God Almighty invites us to a
personal communion with Him. Do we become insecure and feel uncomfortable with the
thought that if we come closer to God, we may have to give up certain
things, in fact, it so happens that more often than not a lot of atheists do
not want to believe in an all powerful God or some may not like to do anything
with God because doing so would challenge their lives, demanding them to put
effort to live more uprightly, or do we welcome Him with open arms knowing that
following His precepts would free us to do more good rather than bind us?

“’The
Divine Disturber’ would provoke human hearts either to good or evil. Once confronted
by Him, they must subscribe to light or darkness. Before everyone else they can
be ‘broadminded’, but His Presence reveals their hearts to be either fertile
ground or hard rock. He cannot come to hearts without clarifying them and dividing
them, once in His Presence, a heart discovers both its own thoughts about goodness
and its own thoughts about God.
This could never be so if He were just
a humanitarian teacher. Simeon knew this well and he told our Lord’s Mother
that Her Son must suffer because His life would be so much opposed to the complacent
maxims by which most people govern their lives.

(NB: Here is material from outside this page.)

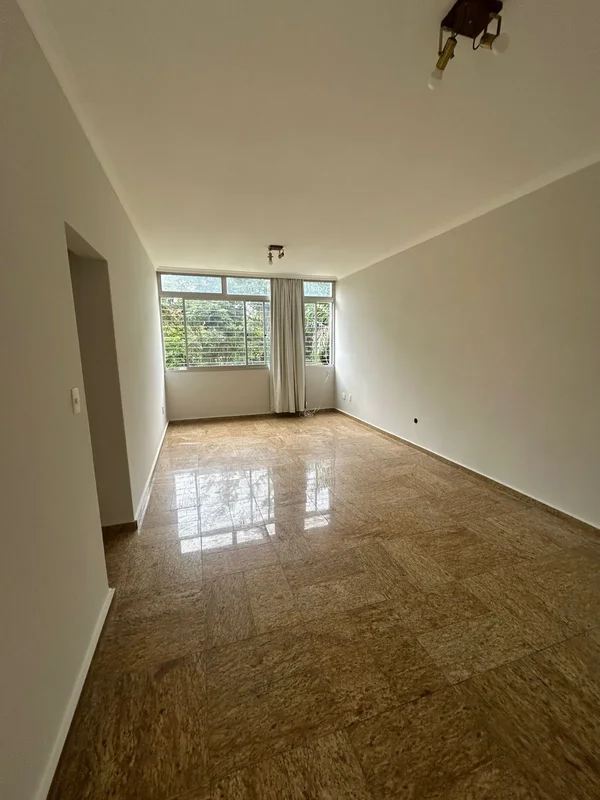 Excelente apartamento na SQS 205 – Asa Sul | Localização privilegiada em Brasíli...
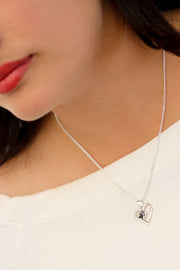 Collar de corazón con huella de perro y nombre personalizado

He would act on one soul in one
way and on another, in another way, just as the sun shines on wax and softens
it and shines on mud and hardens it. There is no difference in the sun, only in
the objects on which it shines. As the Light of the World, He would be a joy to
the good and the lovers of light but He would be a probing searchlight to those
who were evil and preferred to live in darkness. The seed is the same, but the soil
is different and each soil will be judged by the way it reacts to the seed. The
will of Christ to save is limited by the free reaction of each soul either to
accept or reject.”

He (Dr. Hahn) went on to say, “I have
to admit, John that, that kind of God threatens my present state of existence
and my lifestyle. If I were going to invent a god, I’d probably make one, more congenial
to my whims. And if I didn’t have the sense to invent him that way in the first
place, I’d at least invent a god who could change his mind.”
From the above encounter between Dr.
Hahn and his student, it gives us an insight into the mind of an atheist and the
agnostic which for them, God is nothing but a fairy – tale or a substitute in
order to make up for the incompleteness or the void in human life. The pioneer
of his trend of thinking goes back to a philosopher name Ludwig Feuerbach, who
later went on to influence Fredrich Nietzsche and Karl Marx.

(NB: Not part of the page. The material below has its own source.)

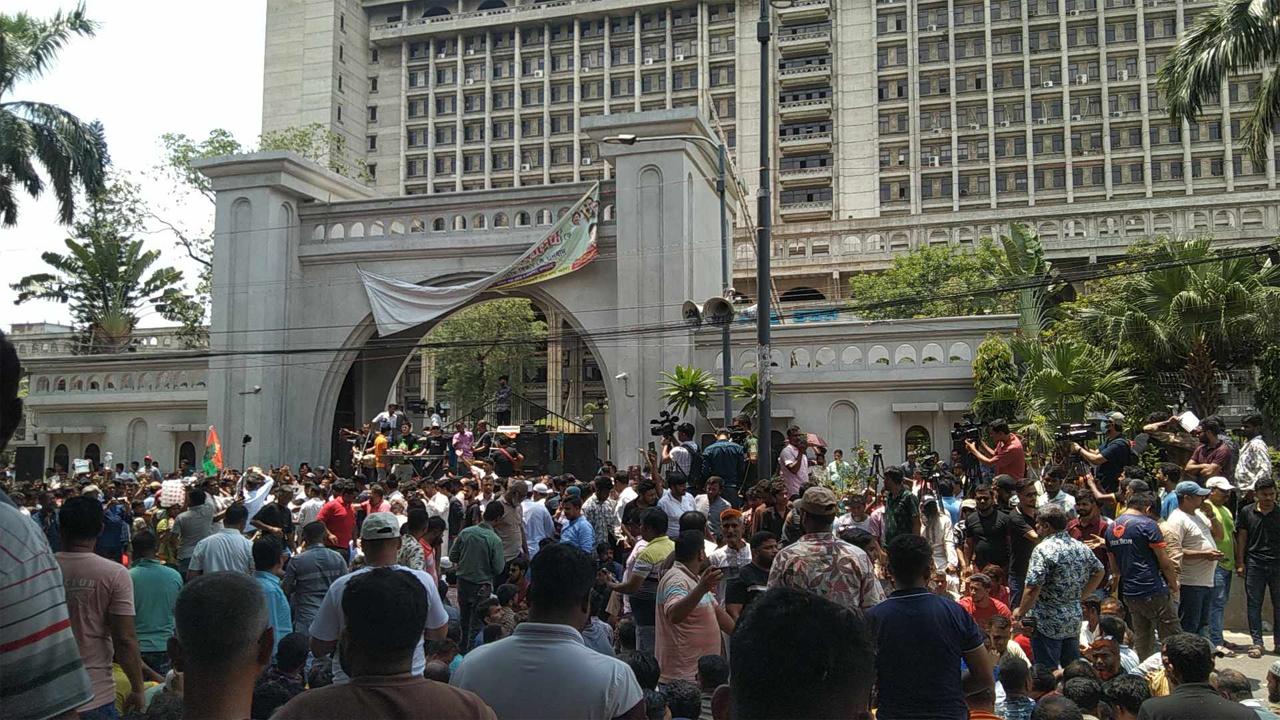 ব্লকেডে আটকা নগরভবন, বন্ধ সেবা কার্যক্রম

Fyodor Dostoyevsky, a novelist and a
contemporary of Ludwig Feuerbach once made a statement, “If God did not exist
then everything is permitted.” This in other words tell us that atheism and
agnosticism is not so much an intellectual problem but a problem of the will. Despite
the various sources found in order to prove God’s existence, some people just
cannot bear the fact that God is real and that is precisely because they want to
live on their own terms, not according to God’s will.

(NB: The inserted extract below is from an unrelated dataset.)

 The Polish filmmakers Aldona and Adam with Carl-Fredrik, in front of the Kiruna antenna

In Romans 1:18, St. Paul recounts
how so many people trod along the downward spiral of sin. In his view,
immorality and unbelief are co – dependent dispositions. People must ignore or
deny God if they want to do things that are objectively wrong. And as these actions
become habitual, so does their ignorance or denial of God.
A person may or may not be a hardcore
atheist and the reason I say this is because although one may claim to be a believer
and not an atheist, it’s the attitude that also makes a difference. It’s one
thing to know God but act like it did not matter while it is another thing to
fall down but get back up and strive to make right what one has done wrong.